# BO-go-Shi Bo-yo O-Ba



## toring

Hey there,

I recently was sent an email from a Korean friend. 
The email was written in english except for the last line which was written in Korean;

BO-go-Shi Bo-yo   O-Ba

She refuses to translate it for me, if anyone can translate this into English it would be appreciated.

Thanks


----------



## Snubby

I think it says, "I want to see you, big brother" (o-pa = common affectionate term for a girl's older male friend). Do you have the original hankul version?


----------



## toring

Thanks for the quick reply,

Unfortunately she did not include the hankul version, only the romanized version. I wonder if it had been a poor translation on her behalf.

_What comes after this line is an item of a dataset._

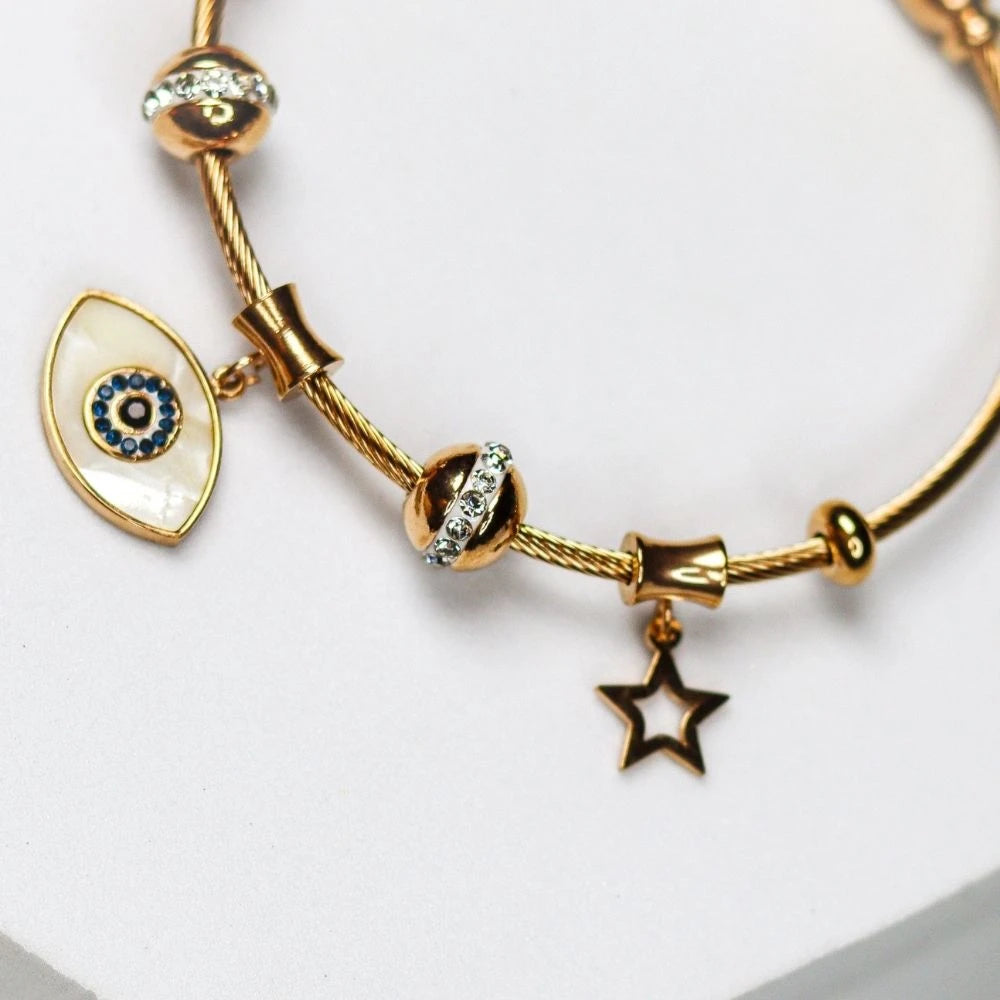 Evil Eye Charm Bracelet - 18K Gold Plated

Is this a common expression used, I personally don't have any brothers, I have a younger sister. Do you think she would use this term to literally want to see me or is it an expression of her feelings towards me?


----------



## Snubby

*BO-go-Shi Bo-yo *is apretty common phrase. And girls frequently call older (but not too much older) male, non-relative friends "o-pa" (which literally is the word a girl uses when speaking to her older brother; Koreans use different words for a boy's older brother and for younger siblings). The "o-pa" here is referring to you, not to any brothers you might have. It could be a term of endearment in the way she is using it (not knowing your relationship with her, I can't say for sure what message she might be trying to convey to you, but at least it's an affectionate reference ). Maybe a native Korean speaker will add to this discussion.
Best regards.


----------



## maghanish2

She is saying 보고 싶어요 오빠, I am pretty sure.

It basically means "I miss you" (Even though it is literally translate as "I want to see you").  And Koreans use "o-pa" just as a way of calling people who are older than them.....is is a respect thing, but it is very common.  Everyone uses it!

But it is definitely directed towards you.


----------